He says this is largely down to rising input costs, falling purchasing managers’ indices (PMI) and disruptions to Japan’s supply chain following the devastating tsunami.
For example, China’s PMI fell to 50.9 from 52 in May, as its manufacturing sector grew at its slowest pace in more than two years in June as the impact of government policies designed to prevent its economy overheating took hold.
Slight falls
In the UK, the PMI for June fell to 51.3 from 52 the previous month thanks to weak demand and a drop in its recent export boom.
“Expectations for profit margins to improve from already elevated levels are also hard to swallow when considering the declines in business sentiment and rising input costs,” Astorri says.
“This time last quarter estimates were much less optimistic and consequently surprised on the upside.

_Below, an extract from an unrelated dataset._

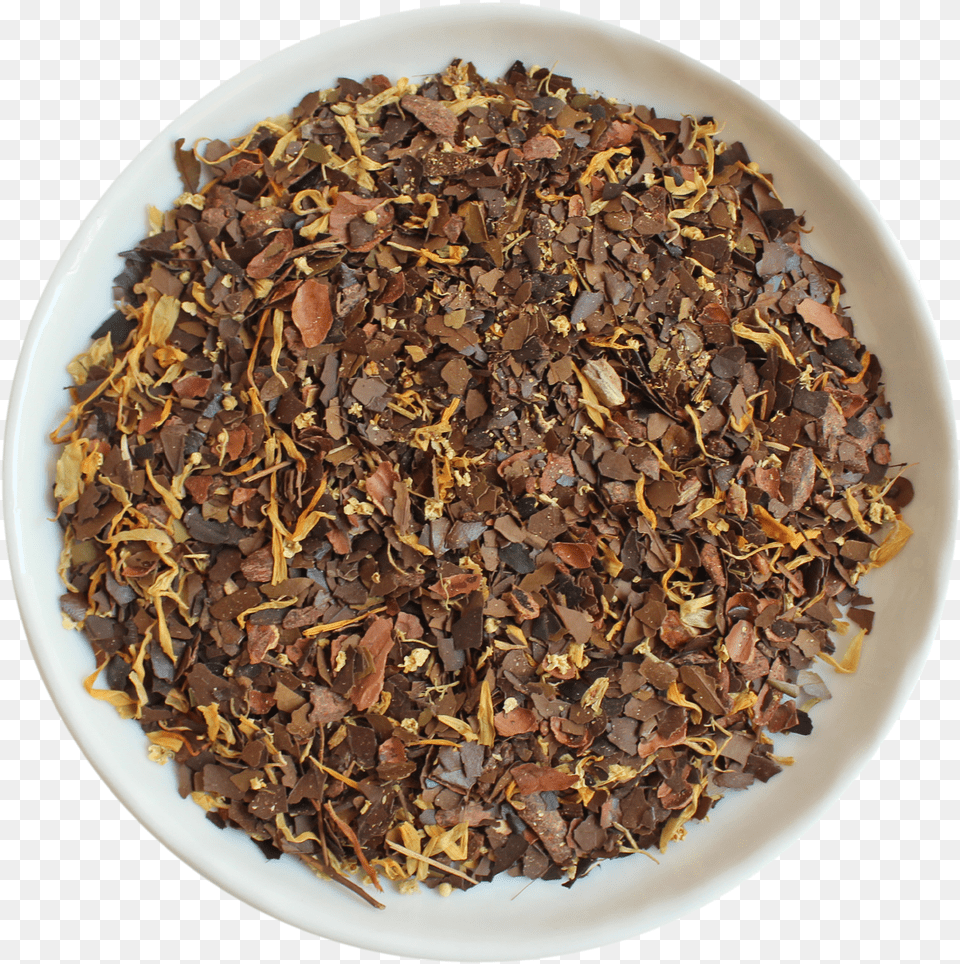 Dried Thyme Free Png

There is less potential for positive surprises this time around, particularly as earnings surprises have been trending down over the past year.”
Earnings in the UK, according to Mark Deans, corporate client dealing manager at Moneycorp, are slightly higher for the first quarter of this year compared to last but real incomes are still falling.
Real returns
“Average earnings in the May quarter were 2.3% higher than in the same quarter last year,” according to Deans. “With CPI inflation running at 4.2% that is still not brilliant news for workers, whose spending power is falling by -1.8% a year, but it is a less gloomy picture than that painted a month ago when the erosion amounted to -2.5% a year.”
Astorri concludes that the net results for earnings are likely to disappoint, with a much greater disparity than usual between the winners and losers. Having said that, he says the key phrase to look out for in this next quarter is "margin squeeze", especially in the technology and autos sectors.
His preferred calls are the energy and materials sectors if any is to benefit from a reacceleration in growth and better risk appetite in the second half of the year.